Prior to Hurricane Matthew reaching Jacksonville, Mayor Lenny Curry ordered for residents of the Jacksonville Beaches to evacuate as quickly as possible. Highways leaving Jacksonville were choked with motorists in the days and nights before the Matthew’s arrival, and there was legitimate concern that the hurricane would deal catastrophic damage to the city.
On Friday, the hurricane finally made its way to the city. It dealt significant damage to the Jacksonville Beach Fishing Pier, taking nearly 400 feet into the Atlantic. Matthew also pushed storm surges as far inland as Jacksonville Beach’s 3rd Street and took down trees and power lines, leaving much of Jacksonville without power immediately.

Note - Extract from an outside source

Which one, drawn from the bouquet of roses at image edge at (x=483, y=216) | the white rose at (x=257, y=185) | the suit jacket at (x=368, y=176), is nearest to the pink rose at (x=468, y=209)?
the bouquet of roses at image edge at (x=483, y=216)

As soon as Hurricane Matthew had passed, JEA began working tirelessly around the clock. By Saturday afternoon, more than 160,000 citizens were still without electricity. In order to better inform JEA, Mayor Lenny Curry publicly provided his email address on Twitter, and asked for citizens without power to email him directly. Crews came from as far away as Covington, Georgia (over 5 hours by road!) to assist JEA, and by late Monday night over 99% of Jacksonville’s citizens once again had power.
We are thankful for the hard work by JEA, JSO, and our mayor’s office in the aftermath of Hurricane Matthew, and through their efforts, the major effects of the hurricane were successfully mitigated within only a few days.